Did not want to hijack this thread https://www.acousticguitarforum.com/...66#post6437966 so I started this thread.

Driving back home I had 9 hours to ponder the following.

Does purchasing a CF (i.e. Emerald X7) really provide any benefit over my existing GS Mini Mahogany? Background: I travel between the oil fields of southeast New Mexico (currently 102 deg. F. and 15% humidity) to southwest Colorado that has a considerably different climate zone. I am also new to guitar and and happy with the GS Mini with the exception of trying to learn on a 1 11/16" nut. I would like to expand to a 1 3/4" until my fingers learn what to do. I play for myself and like a good sounding guitar. I am coming from playing the fiddle but have developed ear damage (Meniere's Disease) that makes playing the fiddle painful, even with earplugs.
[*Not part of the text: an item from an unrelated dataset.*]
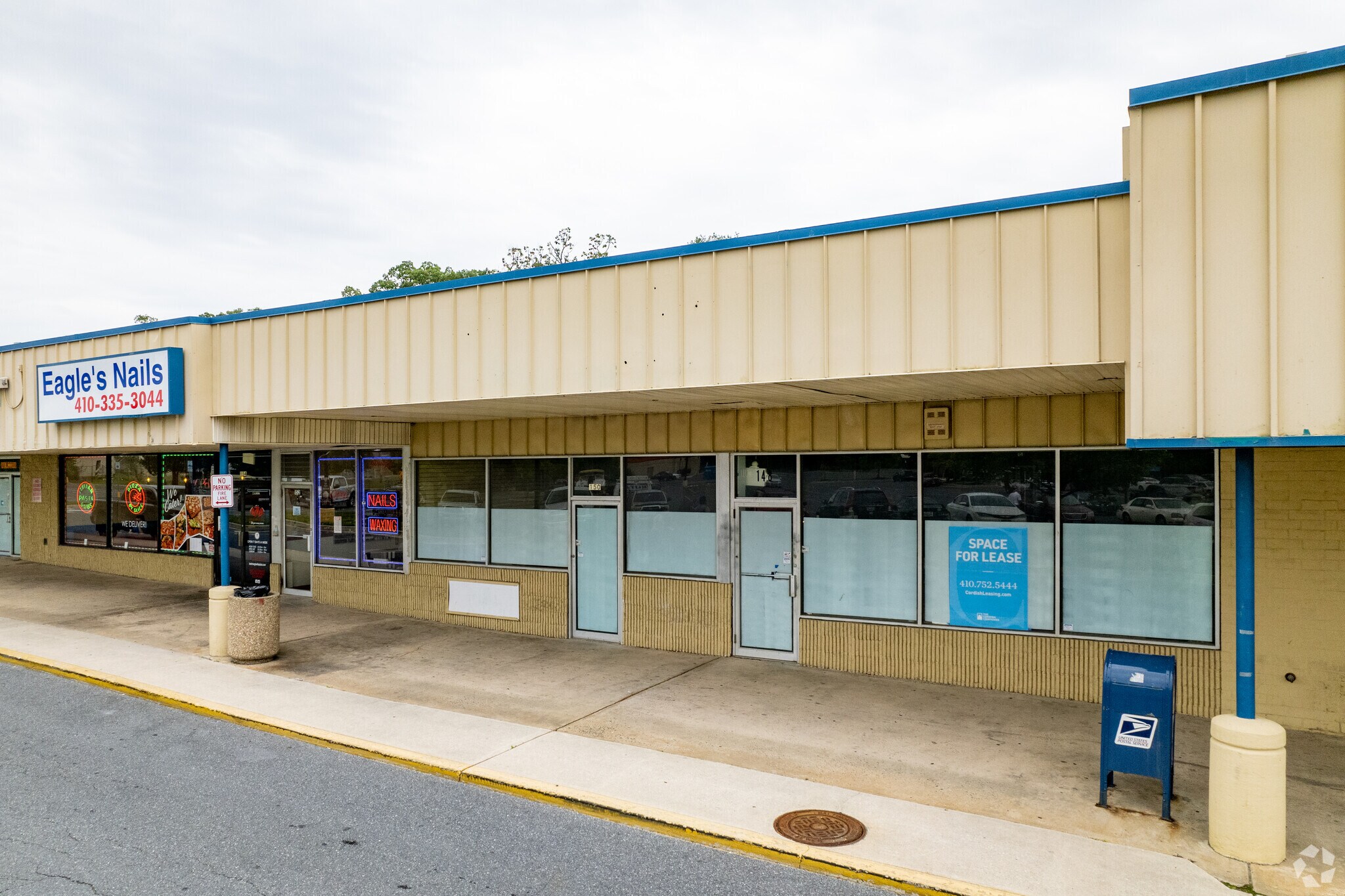 120168 Carroll Island Rd, Baltimore, MD 21220 Carroll Island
I travel between SE New Mexico and SW Colorado and there are times when the guitar will sit in the car. Ok, during the summer at the job site I leave the car on all day with the A/C on (it's hot, dusty, windy, and having a place to cool down is essential).

That aside, we all know that the Taylor GS Mini has laminate sides and back that can tolerate more climate fluctuations than a solid wood guitar. But I am considering a CF as I would hate to see the GS Mini crack/delaminate etc... This got me to thinking, during the turn of the Century during the Wild Wild West days or even as recent as the 1960s and 1970s before CF technology, did guitars just crack as travelers threw their guitar in the back of their wagon (horse or VW)? As I said, I make the 9 hour drive between the oil fields and mountains of Colorado during all seasons and I have a time to let my mind drift.

In summary, I guess I should stop over analyzing and just by an Emerald X7.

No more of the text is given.